Six voix dévoilent les voies de la vie. Les règles du savoir-vivre dans la société moderne, présentée par la troupe de théâtre La Machine à Dire, au College Glendon jusqu’au 3 mai, est de ces pièces qui utilisent la légèreté pour soulever les pesanteurs du quotidien. Le metteur en scène Christophe Bauzet réussit une adaptation décapante du monologue de Jean Luc Lagarce, qui tire sur toutes les conventions sociales. Et vise juste!
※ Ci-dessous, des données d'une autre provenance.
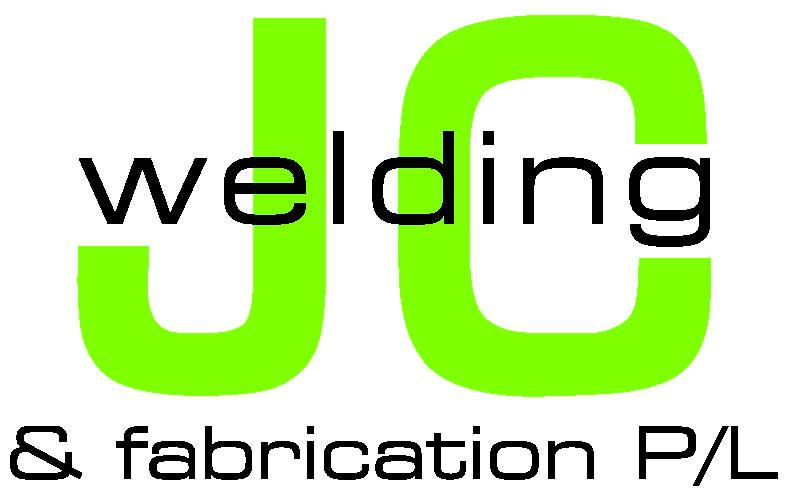 JC Welding & Fabrication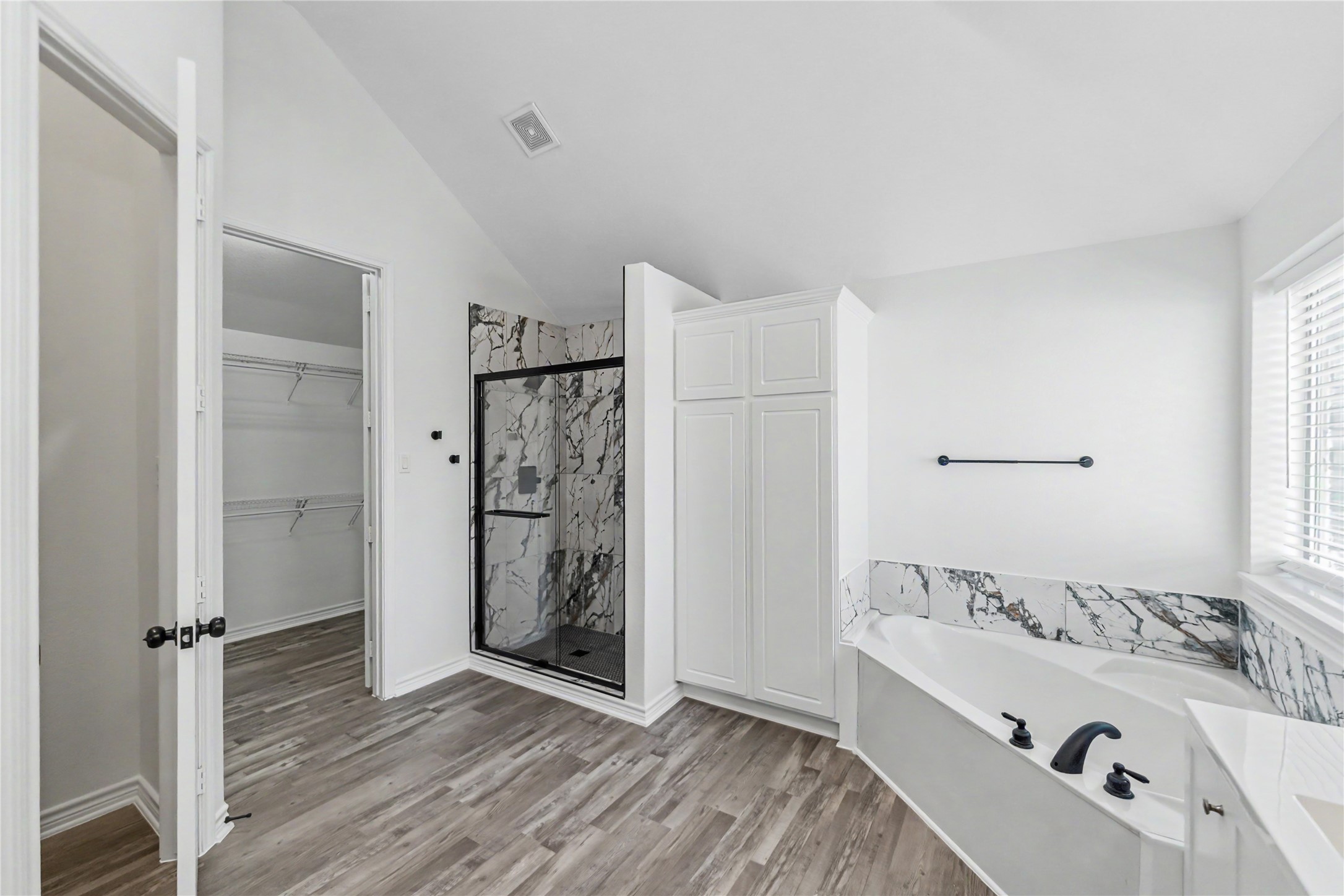 4037 Navarro Way Frisco TX 75034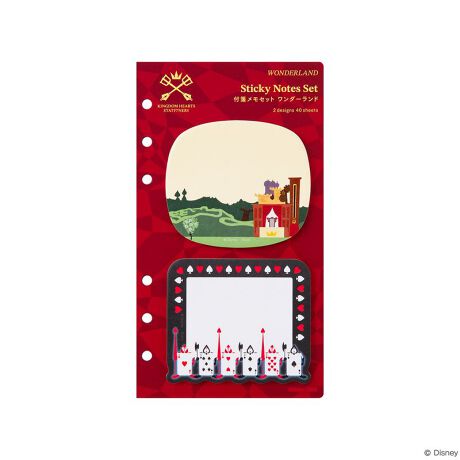 [^:175681]ЂƂƃbZ[W⃁ƂĂÃ_CJbgtⳂłBw_[hx̉Ăƃj[NȐEς\܂BeF2 40(e20Ԃ)yîm点z̏i͉i{Ă܂B͂鏤iɂĂ^Oȉꍇ܂ݕ\ĂTCg\i̔ił\߂܂悤肢\グ܂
La vie est une pièce de théâtre. Tout est orchestré pour éviter les fausses notes et pour parer à l’imprévu. Le souffleur est un pesant code du savoir-vivre qui dicte les paroles et les gestes à suivre, et les costumes sont les apparats de la courtoisie. Déguisements dotés chacun d’une lourde et apparente étiquette sociale. Le public? L’entourage, la famille, le parrain, la marraine, les autres, «je ne sais pas, n’importe qui».  
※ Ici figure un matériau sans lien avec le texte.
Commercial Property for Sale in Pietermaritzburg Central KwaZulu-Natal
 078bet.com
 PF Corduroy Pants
La bienséance se met en scène. Jean-Luc Lagarce a écrit ce texte sachant qu’il allait mourir, et c’est à l’aube de la scène finale de son existence qu’il s’est posé cette terrible question: toutes ces bonnes manières sont-elles si utiles? Il y répond par un monologue saisissant et corrosif, non sans humour. Une énumération abyssale des règles du savoir-vivre qui donne le vertige.

À travers le rythme endiablé de son texte, l’absurdité des concordances se fait entendre. On dit qu’il faut être acteur de sa propre existence: c’est toujours mieux que d’en être le spectateur, certes, mais pourquoi ne pas en être le metteur en scène? Un acteur ne décide pas, il obéit, il feint, il joue un rôle.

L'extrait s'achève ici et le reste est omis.